We resumed our search. At about 10am another boat spotted a whale shark and we rushed over. The experience was a little less chaotic this time, and I caught a longer look at its side and tail, but again I missed the head. Whale sharks are so huge it’s nearly impossible to see their entire length in water that murky. One end or the other dissolves into a green void.
“Did you see it?” our guide asked again.
“Most of it.”
“You must stay close to me,” he scolded. We searched unsuccessfully for another half hour and then it was time to return to shore.
On the bright side we’d seen two whale sharks, which was great. But I wanted a better look. Before leaving the Tourism Office I signed up to go again the next day.
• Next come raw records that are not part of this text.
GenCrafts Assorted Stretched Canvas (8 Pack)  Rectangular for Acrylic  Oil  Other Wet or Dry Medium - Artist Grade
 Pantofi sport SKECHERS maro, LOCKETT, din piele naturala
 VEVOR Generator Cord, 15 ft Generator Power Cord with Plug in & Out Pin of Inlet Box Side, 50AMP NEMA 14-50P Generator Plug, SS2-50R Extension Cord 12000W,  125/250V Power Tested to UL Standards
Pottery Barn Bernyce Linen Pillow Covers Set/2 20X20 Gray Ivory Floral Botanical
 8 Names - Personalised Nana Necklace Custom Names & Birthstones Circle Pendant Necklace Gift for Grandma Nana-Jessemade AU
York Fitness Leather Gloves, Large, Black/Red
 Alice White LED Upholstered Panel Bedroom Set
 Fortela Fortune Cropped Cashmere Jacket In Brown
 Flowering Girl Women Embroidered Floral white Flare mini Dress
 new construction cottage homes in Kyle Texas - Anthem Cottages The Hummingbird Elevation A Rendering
Price certainly wasn’t a disincentive – the trip that day had only cost about $20, which included a one-time environmental fee, and a second trip would be $12. Twelve dollars!
On my first night in Donsol I’d resisted pressure from my hotel to go on a Firefly Tour. “What’s a Firefly Tour?” I asked.
The woman pushing the tour looked shocked at my ignorance. “They are small insects that light up.”
On my second night I gave in and took the tour. It turned out to be a boat ride up a nearby river that left after sunset and stopped at some trees that attract swarms of fireflies. There was no way to get decent photos, but it was a cool thing to see. I hadn’t realized that fireflies in big groups partially synchronize their pulses, looking almost like Christmas lights.
At 7:30 the next morning I was back out on the water with a new group. Only 10 minutes passed before our guide spotted a fin above the water. We dropped in front of the whale shark’s path, but as soon as we hit the water it vanished. A half hour later the same scenario played out again. I was encouraged, though, that there were far fewer boats compared to the day before, and we were much more spread out.
Soon a nearby boat signaled a sighting. We hurried over. Our guide sent us into the water and I swam to where the whale shark seemed to be heading, slightly ahead of the rest of my group, expecting another false alarm.
But then a faint shape appeared in the green water and gradually became more distinct. A whale shark was swimming directly towards me. The gigantic ellipse of its open mouth almost filled my field of vision. Very slowly it glided underneath me, every detail visible, so close I had to dodge the tail fin as it passed.
Wow! I was awed. It felt almost unreal. For more than five minutes the whale shark let us swim with it, seemingly oblivious to our presence. There weren’t many people in the water and it didn’t feel crowded. The experience was completely different than it had been the day before. Finally the shark angled downwards and faded from view. (The long version of my video is here.)
What a rush. Most of us were just laughing in amazement as we climbed back on the boat. “How big was it?” I asked our guide.
“Maybe 8 or 9 meters,” he said. “Big one.”
An hour later we found another whale shark and had a similar encounter. They move so slowly it’s easy to swim alongside as they feed. The sharks didn’t seem to mind us, and I never saw anyone intentionally get too close or try to touch one.
Still, I worried about the impact of tourists on the sharks. It can’t be fun to have us splashing around in their space. But they can dive away anytime they want, and – more importantly – the tourism dollars mean that for the locals whale sharks are worth more alive than dead. The Philippines outlawed the killing of whale sharks in 1998, when tourism in Donsol started spiking.
While stepping off the boat into the surf I landed hard on some sharp rocks, slashing the bottom of my left foot in multiple places. As I limped back to my hotel the blood pooling in my sandal made a squishing sound with each step. Thankfully the cuts weren’t too deep and I had a full day to heal up before I flew back to Manila. I was glad I’d remembered to pack band-aids.
Swimming with whale sharks was a special experience. I really enjoyed my time in Donsol, and I’m happy to report that my iPhone survived its first underwater assignment.